Politics as Performance
When American outlets caught wind of the “Pro-Trump Wrestler Getting Booed in Mexico,” Sam became a novelty news item, the kind your aunt shares on Facebook thinking it’s real. “Is he serious?” they asked. But Sam’s genius lay in ambiguity. He wasn’t serious—but he could be. That doubt is what made it tick.
He was like wrestling’s Andy Kaufman, if Kaufman had traded in intergender matches for immigration taunts.
Behind the curtain, Sam was dating a Mexican woman, working the indies, and attending Lucha Libre BBQs with the very fans hurling beer cans at his head. The heat was real—but it was also real business.
From CMLL to the World
By 2018, the act had run its course in CMLL. You can only set fire to the flag so many times before the fire department shows up. Adonis parted ways with the promotion but stayed busy. He worked for Toryumon, IWRG, DTU, and AAA, cementing himself as a global heat magnet.
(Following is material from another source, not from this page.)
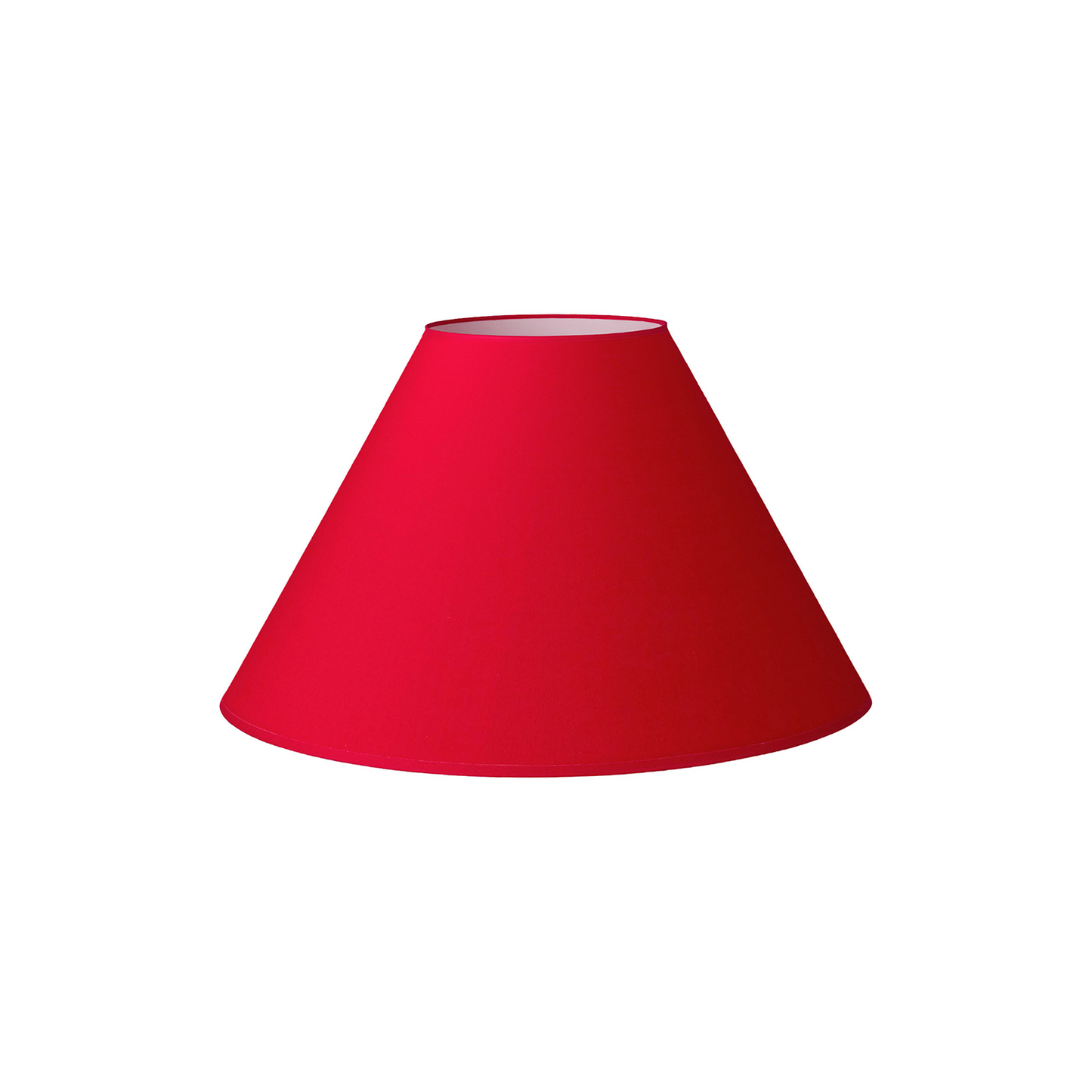 15CM Red Empire Lamp Shade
In 2017, he even wrestled at Ultimo Dragon’s 30th Anniversary show in Japan, where he did the unthinkable—ripped off Ultimo’s mask. In Japan. That’s like dropkicking Santa in a Macy’s window.
He’d also show up on MLW, losing to Jacob Fatu—who, in a wonderful wrestling subplot, was dating Sam’s now-ex-girlfriend at the time. That’s either poetic justice or a Jerry Springer episode with suplexes.
The Man Behind the Flag
Despite the firestorm, Sam Adonis is soft-spoken in interviews. He distances himself from the politics but understands the power of controversy.
“You don’t have to believe it,” he said. “You just have to sell it.”
He’s no dummy. Sam is part old-school carny, part global citizen. He’s lived in England, wrestled in Japan, hustled in Pittsburgh, and burned down arenas in Mexico with a gimmick that walked the razor-thin line between satire and sin.
What’s next? More international bookings. More trolling. Maybe a WWE return if they ever decide they need a MAGA heel who can actually bump. But for now, Sam Adonis remains pro wrestling’s most confusing export: a guy you want to hate, even when you’re not sure you should.
Curtain Call
In a world where kayfabe is dead and most wrestlers are just CrossFit guys with entrance music, Sam Adonis is a throwback: a heat-seeker, a showman, a flag-waving provocateur with a perfectly curled smirk and the guts to get booed in every language.
And the most hated man in Mexico?
He made them love to hate him.
That’s wrestling, baby.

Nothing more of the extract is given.